Given $m\times n$ grid which has consisting of $m$ rows and $n$ columns such that the terminating corner square lie in $m^{th}$ row. Let the number of covered squares in $m\times n$ grid be $C(m,n)$ . Then for $2m-1\times n$ grid we have $C(2m-1, n)= 2C(m,n)-\beta(m,n)$ where $\beta(m,n)$ is the number of covered squares in $m^{th}$ row of $m\times n$ grid.

Instead of giving its proof, I will give an example when $m=5, n=10$.

Here, $C(5,10) = 25$ and $C(9,10) = 2\times 25 - 5 = 45$. Using this example you can easily prove the generalized statement by exploiting the bilateral symmetry of grid and crosses (x) about the dotted line.

Though I suspected that the least common multiple of $m-1, n-1$ determine the number of steps my algorithm evaluates, Pritam Laskar found the exact formula.

Given a $m\times n$ grid, the Cross Diagonal Cover algorithm terminates after $lcm(m-1, n-1) + 1$ steps.

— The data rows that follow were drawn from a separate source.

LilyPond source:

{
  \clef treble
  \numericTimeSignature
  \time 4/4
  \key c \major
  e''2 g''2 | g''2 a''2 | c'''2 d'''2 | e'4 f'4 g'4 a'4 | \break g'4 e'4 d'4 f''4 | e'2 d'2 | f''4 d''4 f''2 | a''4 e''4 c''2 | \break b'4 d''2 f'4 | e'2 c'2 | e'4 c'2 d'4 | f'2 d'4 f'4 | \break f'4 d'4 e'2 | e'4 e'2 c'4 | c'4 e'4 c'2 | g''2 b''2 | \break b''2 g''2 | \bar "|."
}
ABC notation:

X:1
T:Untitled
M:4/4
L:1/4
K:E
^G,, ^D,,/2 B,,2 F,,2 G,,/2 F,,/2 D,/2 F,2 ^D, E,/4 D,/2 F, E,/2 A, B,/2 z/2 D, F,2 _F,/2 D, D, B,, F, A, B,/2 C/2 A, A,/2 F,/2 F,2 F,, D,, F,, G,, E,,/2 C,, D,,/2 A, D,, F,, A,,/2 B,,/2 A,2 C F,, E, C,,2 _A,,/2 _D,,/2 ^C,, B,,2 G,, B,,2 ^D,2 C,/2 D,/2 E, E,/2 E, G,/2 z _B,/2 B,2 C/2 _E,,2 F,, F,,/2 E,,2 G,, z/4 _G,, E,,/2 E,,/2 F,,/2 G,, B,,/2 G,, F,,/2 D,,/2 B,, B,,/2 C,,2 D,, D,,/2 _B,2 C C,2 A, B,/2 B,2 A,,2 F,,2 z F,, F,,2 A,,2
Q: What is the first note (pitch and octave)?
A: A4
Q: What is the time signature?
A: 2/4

For proof, follow the arguments of grant93jr in his/her comment (he/she mistakenly called their lcm to be their gcd).

Using the SageMath Program, about which I wrote in previous post, I am pretty sure that $\gcd(m,n)$ always divides the number of filled squares. So, now the question is

Why the greatest common divisor of m and n always divides the number of filled squares?